On today’s agenda: JC Brooks honors lady songwriters, LitMash punches up the spoken word, and “The Barber of Seville” calls forth classic chuckles.
JC Brooks Covers His Favorite Female Songwriters
Chicago soul mainstay shows his appreciation for female songwriters with an all-lady cover set at City Winery
Chicago soul firestarter JC Brooks knows his way around a cover (
just listen to how he transformed Wilco’s “I Am Trying to Break Your Heart”). He’s also a great student of pop-music history. Tonight, during a stripped-down performance at
City Winery (1200 W. Randolph St.), he’ll bring those two talents in honor of music’s foremost female songwriters. With the help of accompanist Jeremy Tromburg, Brooks will add his electric voice to classic songs by ladies ranging from Carole King to Janelle Monáe.
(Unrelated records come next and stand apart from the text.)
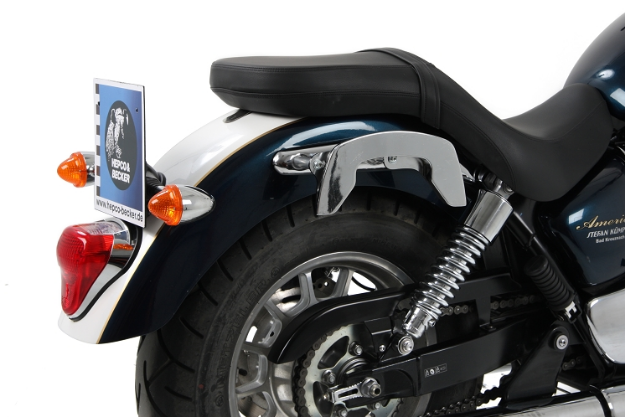 Afbeeldingen van C-Bow custom tasdragers chroom Hepco&Becker Triumph Bonneville America / Speedmaster '11-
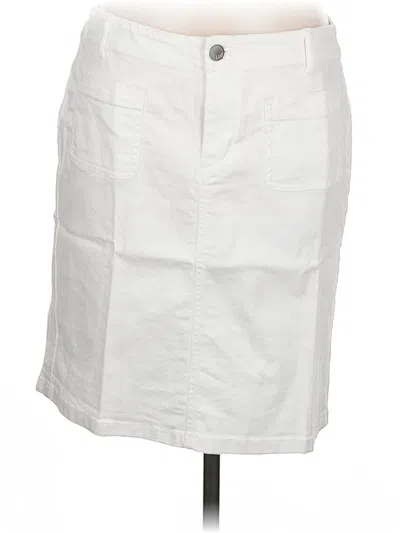 Pre-owned Jjill Casual Skirt In White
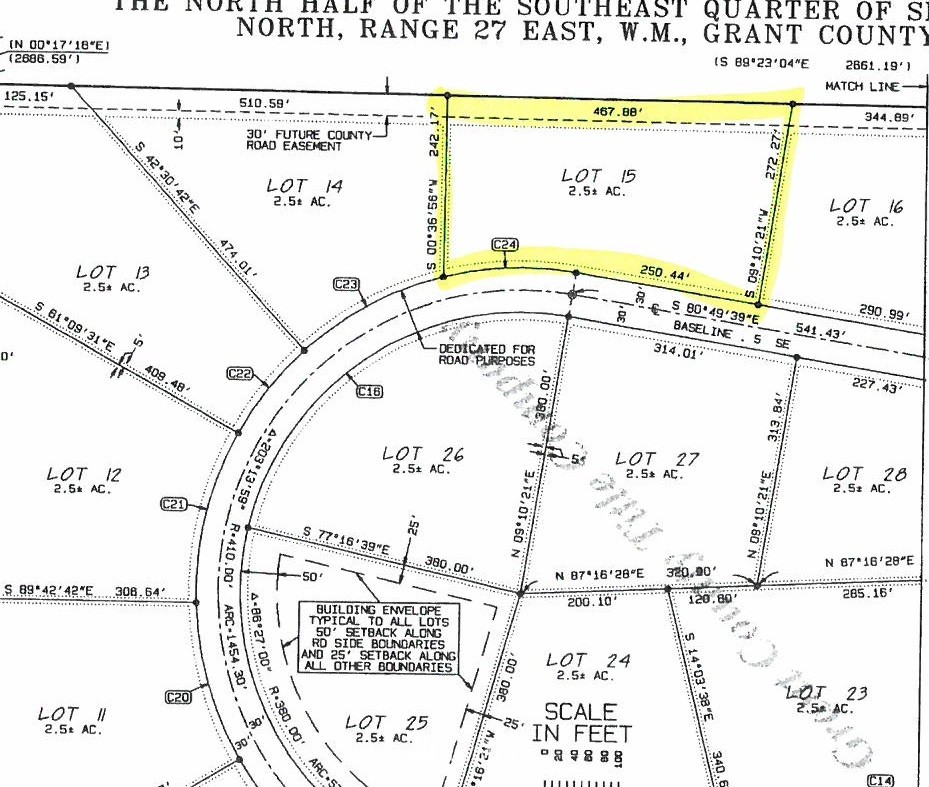662 Southeast Baseline 5 Road Moses Lake, WA 98837 - Photo 1 of 1 Gallery Image 1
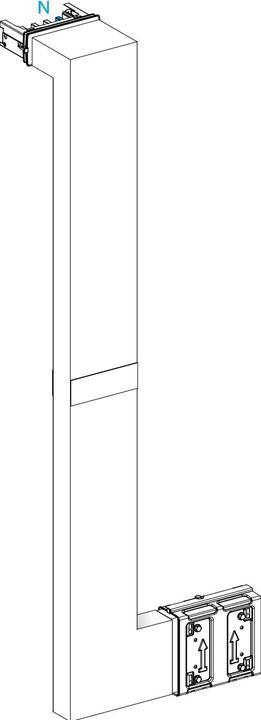 Actual product image Schneider Electric SE KSA400DMBL41F KSA Multi-directional change upwards right (Terminal strips)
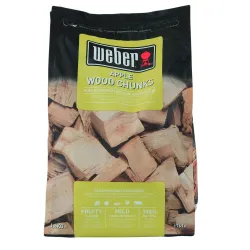 Бруски для копчения яблоко 1,5кг Weber (17616) - Robinzon.ua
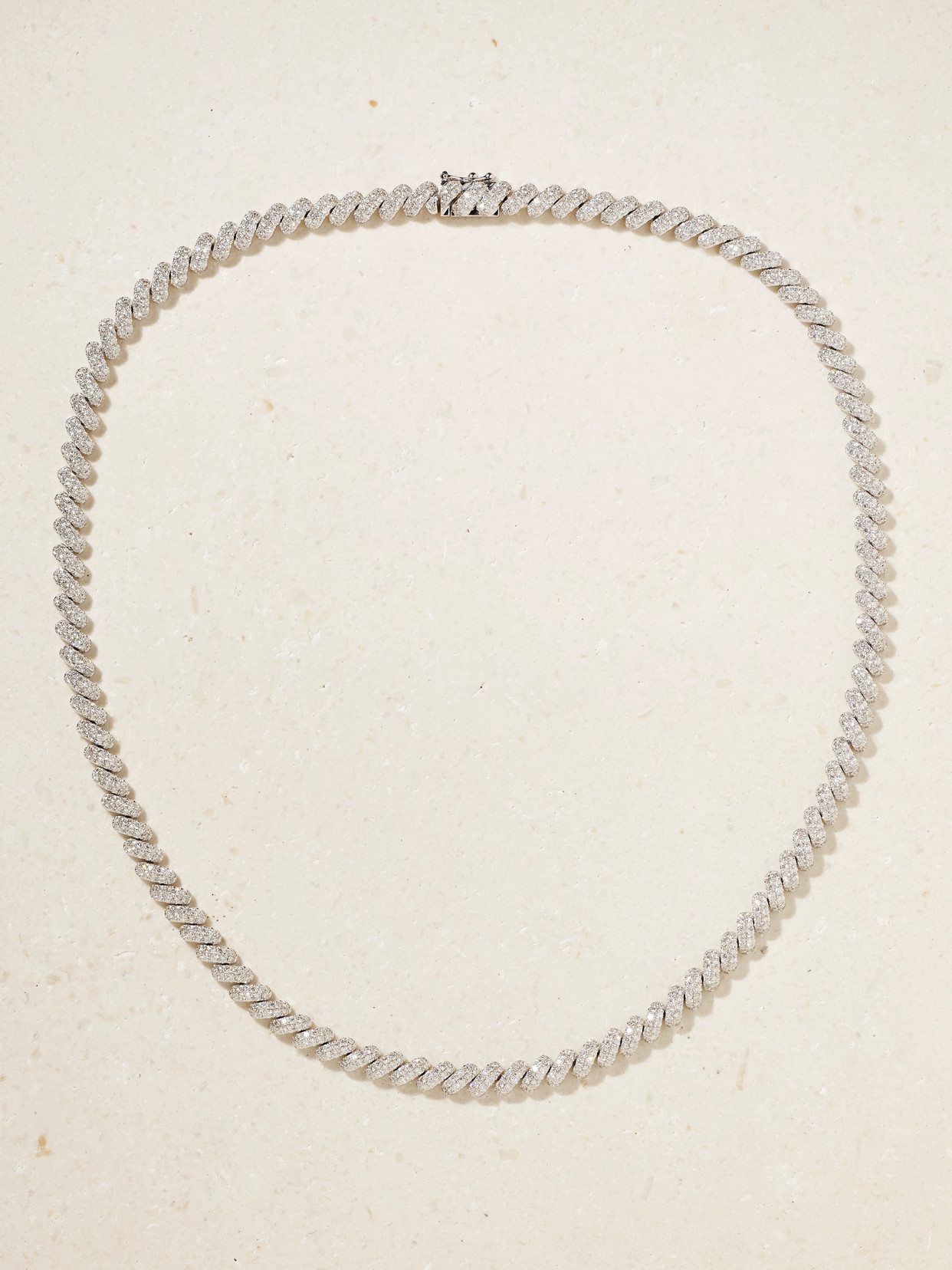 Anita Ko 18-karat White Gold Diamond Necklace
City Winery will also take the opportunity to show off some of its titular wares: for $25, you can pair the music with wine pours from the venue’s extensive cellars.
(8 p.m., doors open at 6 p.m.; $10 for music only, $25 for wine pairing; buy tickets here)
LitMash
Competitors from comedy, storytelling, slam poetry, and more compete for cash and honors in this cross-genre lit battle
Poetry slams. Story slams. Two cousins of competition that have, until now, remained confined to their respective corners. That all changes with LitMash, the cross-genre literary throwdown overseen by Chicago Slam Works (the organization of poetry-slam inventor Marc Kelly Smith). During their monthly donnybrook at
Haymarket Pub & Brewery (737 W. Randolph St.), six competitors drawn from the ranks of storytelling, spoken word, comedy, essay writing, and more compete for audience hearts and minds (and generous cash prizes). This month’s slate of competitors includes poet
Dan Sully, performer
Melissa DuPrey, and comedian
Adrienne Gunn.
(8 p.m., doors open at 7:30; $8)
“The Barber of Seville”
Figaro! Figaro! Rossini’s comic masterpiece gets an energetic new production from the Lyric Opera
Like
Jerry Seinfeld, we learned everything we know about opera from
Bugs Bunny. Thankfully, this is the one time that information is actually pertinent. Kidding aside, there’s a reason that Chuck Jones chose to parody
The Barber of Seville in his 1950 classic “Rabbit of Seville”: it’s one of the most iconic comic pieces in opera history. Rossini’s rollicking love story has all the makings of a laugh riot—mistaken identity, crisscrossed correspondence, and one particularly clever barber pulling all the strings. It’s another exquisite escape from the
Lyric Opera, thanks in no small part to the Broadway-proven sensibilities of Tony-winning director Rob Ashford. If you don’t leave the
Civic Opera House (20 N. Upper Wacker Dr.) shouting “Figaro!” into the night, we just can’t help you anymore.